The Advisory Commission on Accessible Instructional Materials in Postsecondary Education (AIM Commission) met for 16 months of deliberation and public testimony, culminating in a report to Congress. This session discusses the report, its implications, and possible next steps for advocacy.
The Advisory Commission on Accessible Instructional Materials in Postsecondary Education was established by the Higher Education Opportunity Act (2008). The charge of the AIM Commission was to conduct a comprehensive study to assess the systemic barriers to access of instructional materials for postsecondary students with print disabilities. The Commission was to identify workable solutions to improve the timely delivery and quality of accessible instructional materials and to further consider strategies for modeling the effective use of such materials by faculty and staff. The Commission was asked to make recommendations for the development of a comprehensive approach to improve the opportunities for postsecondary students with print disabilities to access instructional materials in a comparable timeframe to their nondisabled peers. This session will review the work of the Commission, consider the recommendations outlined by the Commission, and discuss the next steps in furthering curricular access.

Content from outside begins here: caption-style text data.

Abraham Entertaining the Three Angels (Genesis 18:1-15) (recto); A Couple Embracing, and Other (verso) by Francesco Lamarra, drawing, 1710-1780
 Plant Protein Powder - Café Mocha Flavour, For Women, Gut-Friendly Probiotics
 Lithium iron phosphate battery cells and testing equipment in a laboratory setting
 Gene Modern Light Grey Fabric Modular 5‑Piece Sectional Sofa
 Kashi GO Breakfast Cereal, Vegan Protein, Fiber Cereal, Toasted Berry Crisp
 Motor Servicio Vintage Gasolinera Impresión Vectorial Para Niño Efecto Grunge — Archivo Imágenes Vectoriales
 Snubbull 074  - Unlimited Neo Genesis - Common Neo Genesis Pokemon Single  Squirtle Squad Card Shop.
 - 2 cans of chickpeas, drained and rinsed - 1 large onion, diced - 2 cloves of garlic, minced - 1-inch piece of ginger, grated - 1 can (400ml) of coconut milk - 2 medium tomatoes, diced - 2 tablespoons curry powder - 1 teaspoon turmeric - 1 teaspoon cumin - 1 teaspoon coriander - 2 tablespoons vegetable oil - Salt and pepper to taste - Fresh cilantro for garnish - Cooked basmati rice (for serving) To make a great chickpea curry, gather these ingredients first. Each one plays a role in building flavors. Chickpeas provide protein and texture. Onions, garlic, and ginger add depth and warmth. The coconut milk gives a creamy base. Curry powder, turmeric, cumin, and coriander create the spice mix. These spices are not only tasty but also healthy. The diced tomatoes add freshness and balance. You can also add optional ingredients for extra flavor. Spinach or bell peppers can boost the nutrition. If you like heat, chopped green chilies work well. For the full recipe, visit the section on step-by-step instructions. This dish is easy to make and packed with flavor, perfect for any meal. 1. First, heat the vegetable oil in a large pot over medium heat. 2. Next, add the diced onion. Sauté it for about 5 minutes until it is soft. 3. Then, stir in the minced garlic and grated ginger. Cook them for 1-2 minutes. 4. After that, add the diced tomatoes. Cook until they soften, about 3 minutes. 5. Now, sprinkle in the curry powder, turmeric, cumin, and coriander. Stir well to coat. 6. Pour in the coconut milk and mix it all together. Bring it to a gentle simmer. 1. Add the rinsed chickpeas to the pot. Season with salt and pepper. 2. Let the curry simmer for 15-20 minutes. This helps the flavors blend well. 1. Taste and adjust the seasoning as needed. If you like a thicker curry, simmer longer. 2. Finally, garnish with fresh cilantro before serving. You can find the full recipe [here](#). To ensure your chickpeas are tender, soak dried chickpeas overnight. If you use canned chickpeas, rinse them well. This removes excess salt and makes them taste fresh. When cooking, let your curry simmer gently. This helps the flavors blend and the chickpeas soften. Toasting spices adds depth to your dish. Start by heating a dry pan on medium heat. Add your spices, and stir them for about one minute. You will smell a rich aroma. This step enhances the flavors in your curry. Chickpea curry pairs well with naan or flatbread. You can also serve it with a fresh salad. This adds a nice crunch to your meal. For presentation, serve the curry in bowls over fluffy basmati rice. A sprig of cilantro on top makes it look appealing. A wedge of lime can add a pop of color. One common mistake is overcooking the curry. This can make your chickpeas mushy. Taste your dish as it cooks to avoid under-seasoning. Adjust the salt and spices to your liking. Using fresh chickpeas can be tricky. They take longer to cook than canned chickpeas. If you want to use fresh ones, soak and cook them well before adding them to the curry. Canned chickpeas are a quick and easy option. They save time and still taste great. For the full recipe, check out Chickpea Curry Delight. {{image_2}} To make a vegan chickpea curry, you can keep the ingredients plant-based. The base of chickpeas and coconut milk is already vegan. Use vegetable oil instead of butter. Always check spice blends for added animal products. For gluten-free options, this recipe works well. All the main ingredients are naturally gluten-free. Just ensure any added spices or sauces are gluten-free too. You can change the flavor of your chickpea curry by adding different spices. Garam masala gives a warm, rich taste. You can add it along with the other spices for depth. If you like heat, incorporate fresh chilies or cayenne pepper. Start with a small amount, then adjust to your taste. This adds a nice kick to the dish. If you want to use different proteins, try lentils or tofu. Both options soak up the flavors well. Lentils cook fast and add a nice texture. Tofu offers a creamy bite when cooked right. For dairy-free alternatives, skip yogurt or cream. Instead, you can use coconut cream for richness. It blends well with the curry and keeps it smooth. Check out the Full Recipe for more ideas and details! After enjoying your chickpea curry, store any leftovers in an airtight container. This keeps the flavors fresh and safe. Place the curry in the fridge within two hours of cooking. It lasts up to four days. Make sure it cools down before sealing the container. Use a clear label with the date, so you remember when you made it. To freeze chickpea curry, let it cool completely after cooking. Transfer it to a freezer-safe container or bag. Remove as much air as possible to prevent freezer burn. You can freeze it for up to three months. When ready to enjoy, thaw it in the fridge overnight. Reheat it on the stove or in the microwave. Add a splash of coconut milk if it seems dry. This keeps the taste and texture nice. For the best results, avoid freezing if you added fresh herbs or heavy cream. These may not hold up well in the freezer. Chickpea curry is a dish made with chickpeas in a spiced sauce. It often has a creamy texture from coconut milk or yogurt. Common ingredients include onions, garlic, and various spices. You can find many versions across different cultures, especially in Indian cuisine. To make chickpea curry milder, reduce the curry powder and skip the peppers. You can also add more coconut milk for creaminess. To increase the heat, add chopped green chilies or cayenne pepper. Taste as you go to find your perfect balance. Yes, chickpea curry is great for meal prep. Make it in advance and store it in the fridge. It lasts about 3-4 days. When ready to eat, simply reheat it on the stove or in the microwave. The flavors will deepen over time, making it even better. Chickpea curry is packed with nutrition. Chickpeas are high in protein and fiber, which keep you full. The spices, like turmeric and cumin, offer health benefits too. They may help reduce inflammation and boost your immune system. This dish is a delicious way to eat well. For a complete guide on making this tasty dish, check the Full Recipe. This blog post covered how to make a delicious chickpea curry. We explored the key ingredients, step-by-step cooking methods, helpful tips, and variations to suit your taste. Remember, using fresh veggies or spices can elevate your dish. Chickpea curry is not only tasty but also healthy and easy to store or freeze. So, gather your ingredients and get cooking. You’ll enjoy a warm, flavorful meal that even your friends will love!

The purpose and scope of the AIM Commission
Overview of the Commission?s report and recommendations
Next steps based on the report
Mr. Kramer has worked in assistive technology, disability, information systems and accessible media for more than 25 years. From 1997-2012 he worked with Disability Services at CU-Boulder, establishing the Assistive Technology Lab, which serves students with disabilities needing specialized access. He is founder and coordinator for the Accessing Higher Ground Conference: Accessible Media, Web & Technology, and teaches courses on Universal Design at CU-Boulder.